### Requirement
This exercise asks for a copy of each line in the records below with the word "Lace" in it.

### Given records
··········
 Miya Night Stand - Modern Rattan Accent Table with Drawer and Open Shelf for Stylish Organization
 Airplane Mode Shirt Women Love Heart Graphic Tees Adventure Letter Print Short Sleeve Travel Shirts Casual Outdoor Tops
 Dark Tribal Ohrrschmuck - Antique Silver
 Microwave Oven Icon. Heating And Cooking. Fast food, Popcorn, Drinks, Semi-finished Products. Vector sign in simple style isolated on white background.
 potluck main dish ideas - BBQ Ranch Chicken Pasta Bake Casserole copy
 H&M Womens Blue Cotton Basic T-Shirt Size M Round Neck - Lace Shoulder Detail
··········
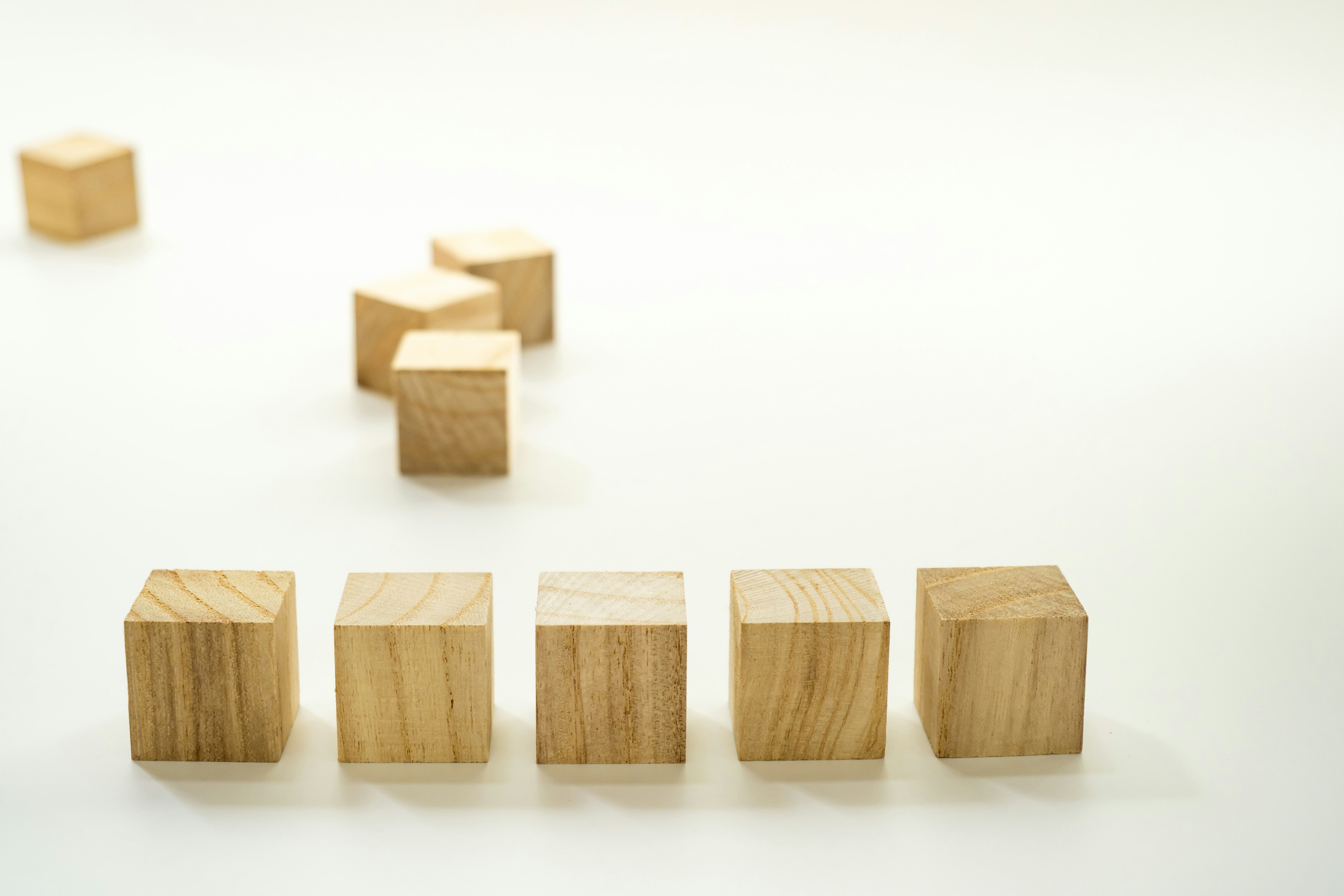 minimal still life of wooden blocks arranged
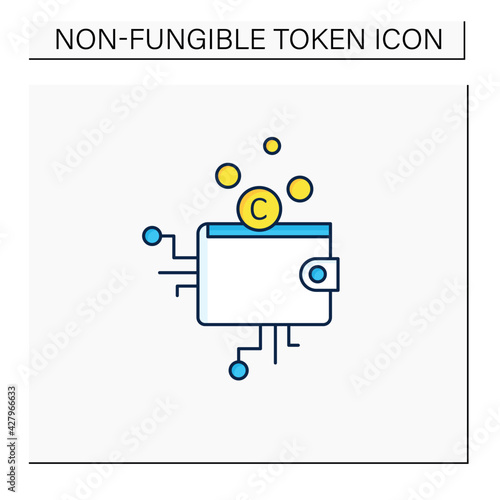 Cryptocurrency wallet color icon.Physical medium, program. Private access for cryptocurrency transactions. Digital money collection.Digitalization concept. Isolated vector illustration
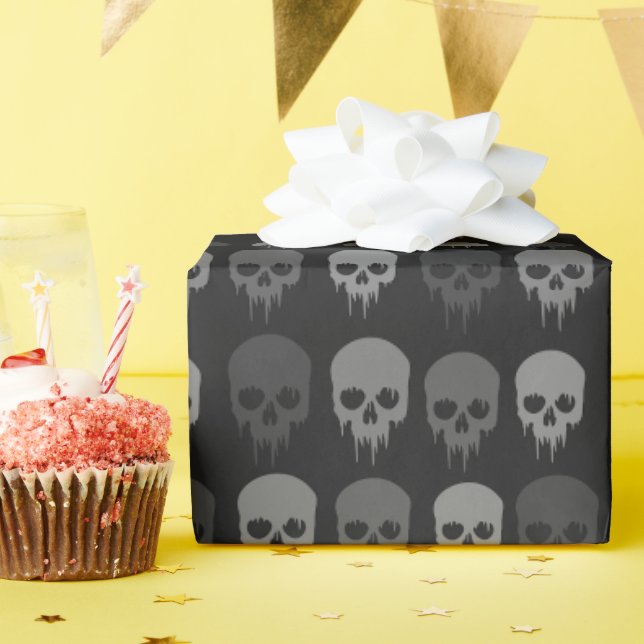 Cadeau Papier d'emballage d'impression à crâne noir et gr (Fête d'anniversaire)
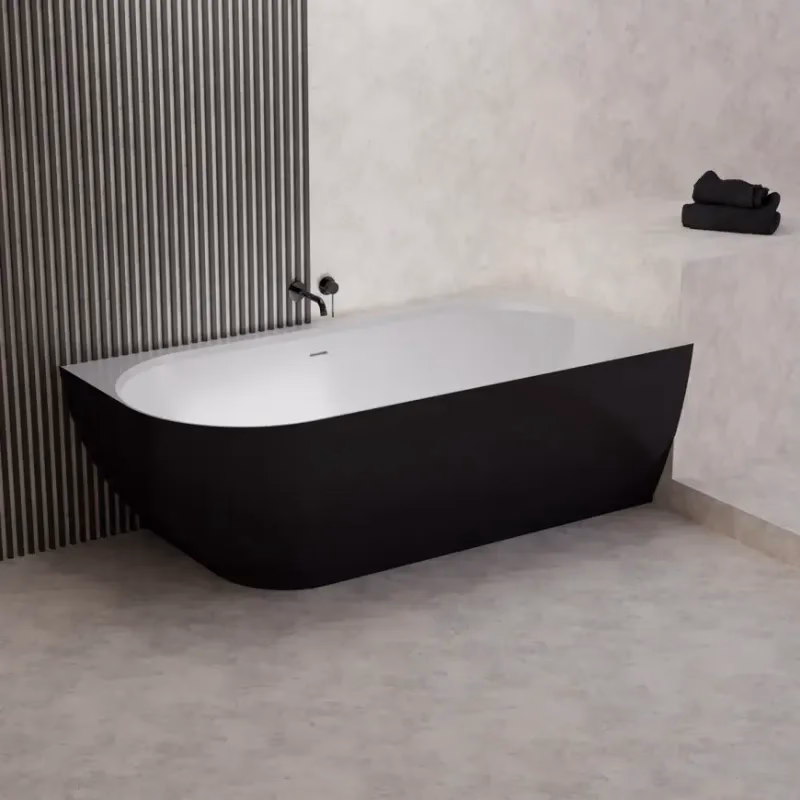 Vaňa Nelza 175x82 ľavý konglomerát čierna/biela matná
··········
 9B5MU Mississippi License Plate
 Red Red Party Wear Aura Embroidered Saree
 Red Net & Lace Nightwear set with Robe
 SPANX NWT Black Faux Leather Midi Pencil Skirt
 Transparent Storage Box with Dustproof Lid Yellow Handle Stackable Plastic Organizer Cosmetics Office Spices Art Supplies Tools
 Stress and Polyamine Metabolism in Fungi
··········
### Solution to this problem
 H&M Womens Blue Cotton Basic T-Shirt Size M Round Neck - Lace Shoulder Detail
 Red Net & Lace Nightwear set with Robe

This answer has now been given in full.